僕には大剣同士が打ち合う火花しか見えなくなっていた。
「魔人の好きにはさせんぞ!」
辛うじて立ち上がった勇者様が、大上段に聖剣エクスカリバーを構えると刃が眩しく輝き出した。
一瞬、勇者様に視線をやったミリアナさんはエネルギーの高まりを感じて、飛び下がるタイミングを見計らっているようだ。
「退け!」
勇者様の叫びと共に、眩しく輝いた聖剣が吠えた。
光の剣撃は二体の魔人を呑み込むと、通路の壁をも壊して北の大地に消えていった。
「勇者様、見事な一撃でした」
アラーム大司教がおべんちゃらを言っている。
「俺に加勢をしてくれた冒険者は、どこへ行った」
「あそこです」
シタタ・ラン軍師が、僕の傍に寄ってきた白いマントのミリアナさんを指差した。
「まずは、加勢してくれた事、礼を言おう、ありがとう。ところで君達三人は初めて見る顔だな」
息を切らしている勇者様が、平然としているミリアナさんに見惚れている。
「はい。私達は勇者様のお荷物を運ばせて頂こうと、マダラン国に行ったのですが、出立された後でしたので追いかけて参りました」
「そうなのか」
「私は無双のデッサンのリーダーをしています、ミリアナと申します。それと仲間の二人です」
「賢者のゼリアです」
ミリアナさんは棒読みだし、ゼリアさんは恥ずかしそうに口ごもっている。
「ポーターのタカヒロです」
一番後ろに立っている僕は、呟くように言った。
「君達もS級冒険者なのだろ、歓迎するよ」
「私達は平均B級の冒険者です」
「B級、嘘だろ!」
ミリアナさんの戦いを見ていた全員から、驚きの声が上がった。
「階級など関係ないさ、君のように強い女性は大歓迎だよ」
笑顔を見せる勇者様は、ミリアナさんに握手を求めている。
「私とゼリアはタカヒロの護衛についてきただけですから、気になさらないで下さい」
差し出された手を無視するミリアナさんは、作業服に薄汚れたマント姿の僕を前面に押し出した。
「君がポーターのタカヒロか、宜しく頼むよ」
勇者様は胡散臭そうに僕を見ている。
「よろしくお願いします。あそこにある物資を運べばいいのですね」
ソリに積まれている荷物に視線をやった。
「あれを一人で運べると言うのかね」
シタタ・ラン軍師が驚愕の表情を浮かべている。
「はい。大丈夫です。物資は皆さんの命綱ですから、大切に運ばせて頂きます」
「よろしく頼むよ」
「ポーターの護衛は他のS級冒険者に任せて、君は俺と一緒に前線で戦ってくれないか?」
勇者様が必死でミリアナさんを説得しようとしている。
「S級の先輩方を差し置いてそのような事は出来ません。後方支援で頑張らせて頂きます」
完成された肉体美と誰もを惹きつける美貌で迫る勇者様を、ミリアナさんは鼻にも掛けていない。
「そうか、よろしく頼むよ」
愛想の無いミリアナさんの返事に機嫌を損ねたのか、勇者様の言葉遣いがよそよそしくなった。

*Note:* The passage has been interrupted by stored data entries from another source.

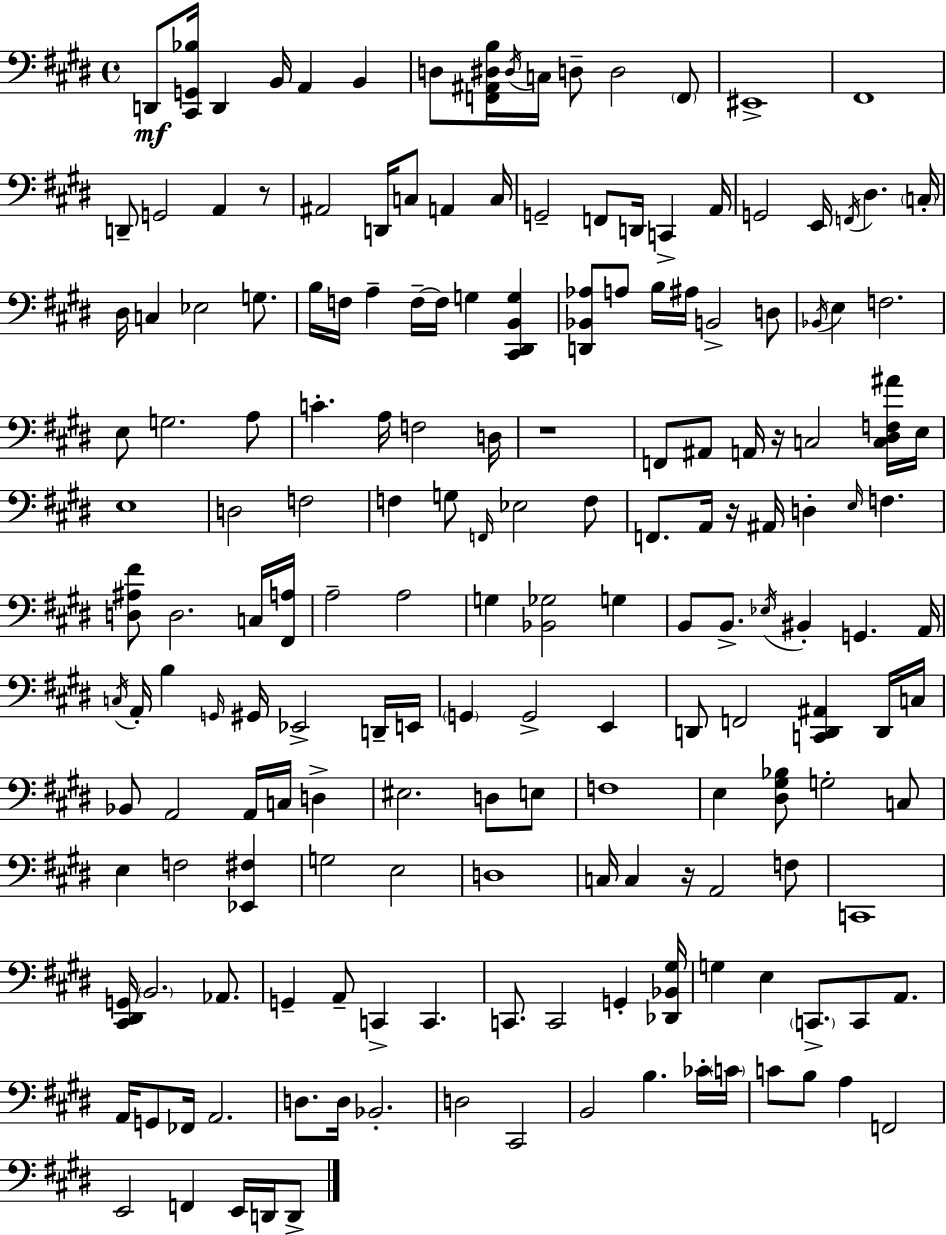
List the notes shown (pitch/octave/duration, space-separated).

D2/e [C#2,G2,Bb3]/s D2/q B2/s A2/q B2/q D3/e [F2,A#2,D#3,B3]/s D#3/s C3/s D3/e D3/h F2/e EIS2/w F#2/w D2/e G2/h A2/q R/e A#2/h D2/s C3/e A2/q C3/s G2/h F2/e D2/s C2/q A2/s G2/h E2/s F2/s D#3/q. C3/s D#3/s C3/q Eb3/h G3/e. B3/s F3/s A3/q F3/s F3/s G3/q [C#2,D#2,B2,G3]/q [D2,Bb2,Ab3]/e A3/e B3/s A#3/s B2/h D3/e Bb2/s E3/q F3/h. E3/e G3/h. A3/e C4/q. A3/s F3/h D3/s R/w F2/e A#2/e A2/s R/s C3/h [C3,D#3,F3,A#4]/s E3/s E3/w D3/h F3/h F3/q G3/e F2/s Eb3/h F3/e F2/e. A2/s R/s A#2/s D3/q E3/s F3/q. [D3,A#3,F#4]/e D3/h. C3/s [F#2,A3]/s A3/h A3/h G3/q [Bb2,Gb3]/h G3/q B2/e B2/e. Eb3/s BIS2/q G2/q. A2/s C3/s A2/s B3/q G2/s G#2/s Eb2/h D2/s E2/s G2/q G2/h E2/q D2/e F2/h [C2,D2,A#2]/q D2/s C3/s Bb2/e A2/h A2/s C3/s D3/q EIS3/h. D3/e E3/e F3/w E3/q [D#3,G#3,Bb3]/e G3/h C3/e E3/q F3/h [Eb2,F#3]/q G3/h E3/h D3/w C3/s C3/q R/s A2/h F3/e C2/w [C#2,D#2,G2]/s B2/h. Ab2/e. G2/q A2/e C2/q C2/q. C2/e. C2/h G2/q [Db2,Bb2,G#3]/s G3/q E3/q C2/e. C2/e A2/e. A2/s G2/e FES2/s A2/h. D3/e. D3/s Bb2/h. D3/h C#2/h B2/h B3/q. CES4/s C4/s C4/e B3/e A3/q F2/h E2/h F2/q E2/s D2/s D2/e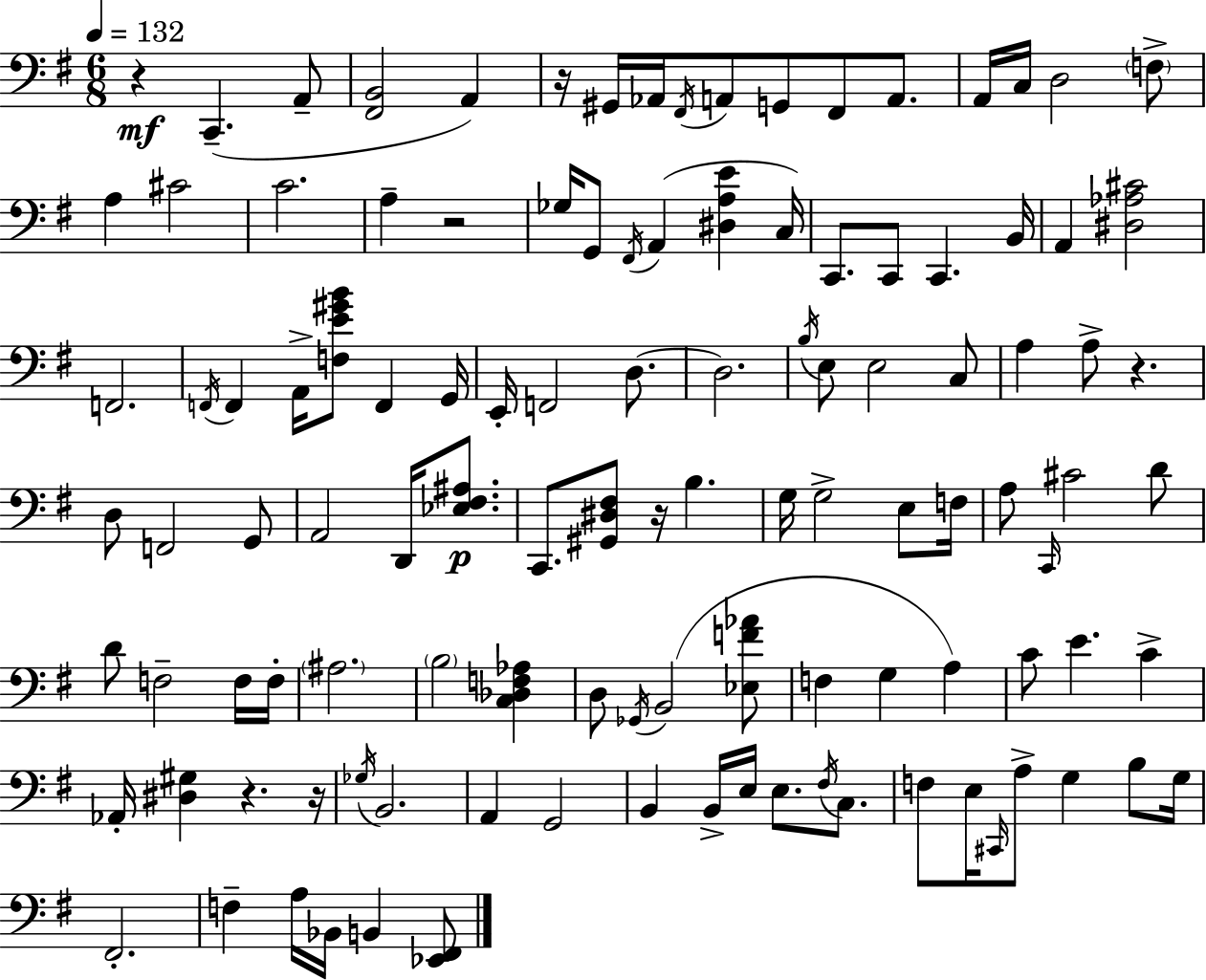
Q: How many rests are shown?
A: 7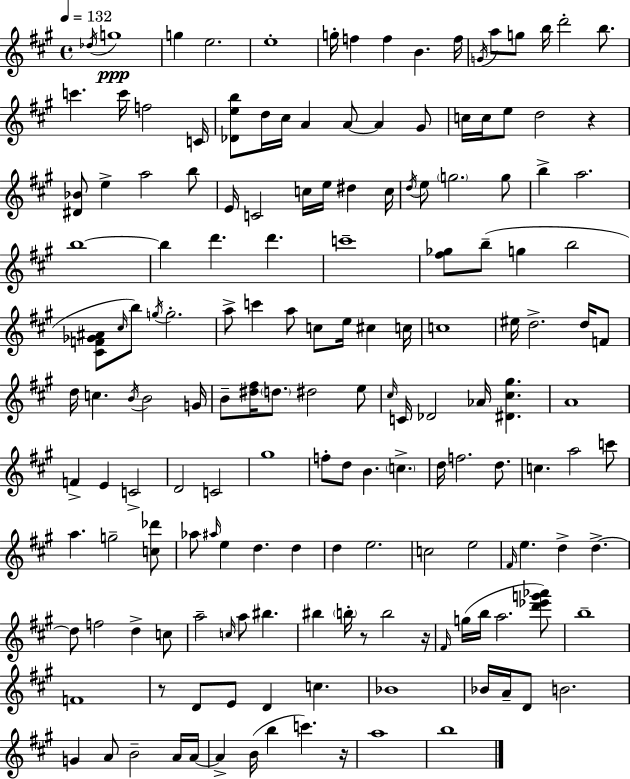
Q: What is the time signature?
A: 4/4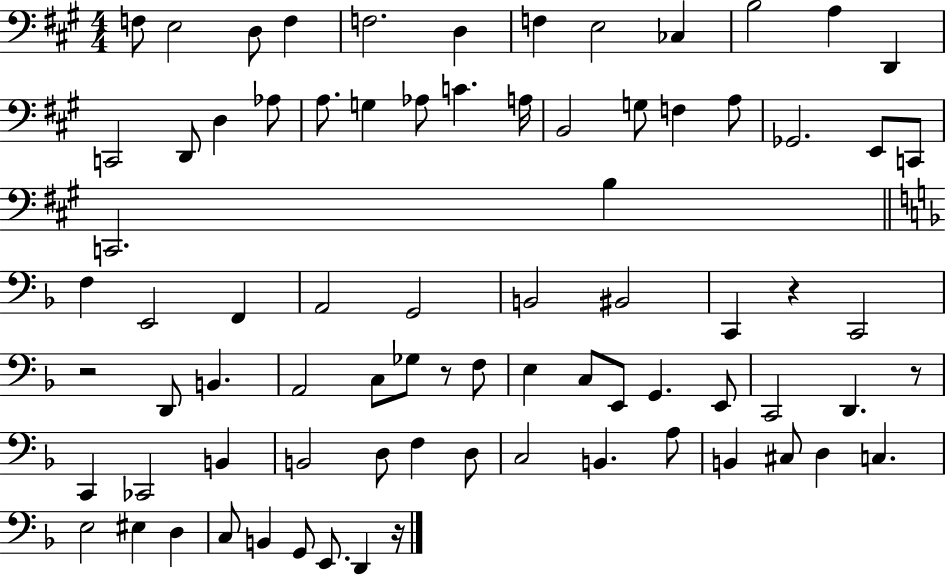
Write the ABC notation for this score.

X:1
T:Untitled
M:4/4
L:1/4
K:A
F,/2 E,2 D,/2 F, F,2 D, F, E,2 _C, B,2 A, D,, C,,2 D,,/2 D, _A,/2 A,/2 G, _A,/2 C A,/4 B,,2 G,/2 F, A,/2 _G,,2 E,,/2 C,,/2 C,,2 B, F, E,,2 F,, A,,2 G,,2 B,,2 ^B,,2 C,, z C,,2 z2 D,,/2 B,, A,,2 C,/2 _G,/2 z/2 F,/2 E, C,/2 E,,/2 G,, E,,/2 C,,2 D,, z/2 C,, _C,,2 B,, B,,2 D,/2 F, D,/2 C,2 B,, A,/2 B,, ^C,/2 D, C, E,2 ^E, D, C,/2 B,, G,,/2 E,,/2 D,, z/4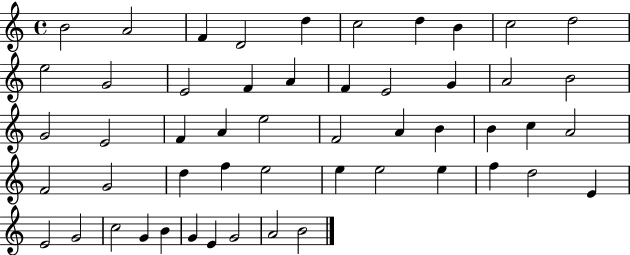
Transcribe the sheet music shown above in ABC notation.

X:1
T:Untitled
M:4/4
L:1/4
K:C
B2 A2 F D2 d c2 d B c2 d2 e2 G2 E2 F A F E2 G A2 B2 G2 E2 F A e2 F2 A B B c A2 F2 G2 d f e2 e e2 e f d2 E E2 G2 c2 G B G E G2 A2 B2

「シタタ・ラン軍師、ケガ人の治療は終わりましたが、呪われたアイテムで受けた傷を完全に治せる特殊な聖魔法を使える者がおりません」
聖女と呼ばれているカトリエさんを中心に、兵士や冒険者の治療に当たっていたS級冒険者の魔術師をもってしても、惨劇の後始末には困難を極めていた。
「君達の治癒魔法をもってしてもダメか」
「動けない者もおりますし、呪われたアイテムで死んだ者もこのままにしておけば、ゾンビになって街を襲う可能性もあります」
毛皮のコートの下に神官服を着ている者達が、無念そうに顔を顰めている。
「あの~。僭越ですが、私どもの魔術師に浄化をさせましょうか?」
ミリアナさんが小さな声で申し出た。
「特殊な呪いの浄化が出来ると言うのか!」
最強の魔道師と言われているアラーム大司教が、大声を出した。
「はい。一応先代から賢者の称号を頂いておりますので」
悩ましいワンピース姿のゼリアさんは、恥ずかしそうにペコペコしている。
「願ってもない、是非やってくれ」
「分かりました」
ゼリアさんが年季の入った杖を高く掲げると、無詠唱で神々しい光が辺り一帯に降り注いだ。
「傷が消えていく」
壁に凭れかかっていた数人が驚きの声を漏らした。
僕は治癒魔法を使わなくて済んでホッとした。光属性の魔法も進化して傷を直視しなくても治せるようになっているが、いまだに傷口を切り開いていた頃の事がトラウマになっているのだ。
「終わりました」
「ありがとう、助かったよ」
アラーム大司教の感謝の言葉に、ゼリアさんは何事もなかったかのように軽く頭を下げている。
「ダンカン隊長を初め多くの兵士を亡くしたが、我々は魔王を倒さなければ帰れない。荷物はポーターのタカヒロが運んでくれるので、他の者は周辺の警戒と戦闘に全力を尽して貰いたい。では、出立するぞ」
シタタ・ラン軍師の掛け声で生き残った数人の兵士と、勇者様を先頭にした冒険者が北の大陸へ足を踏み入れ、僕達無双のデッサンは真鍮の守り盾と紅蓮の魔導士に守られながら最後尾を歩いていった。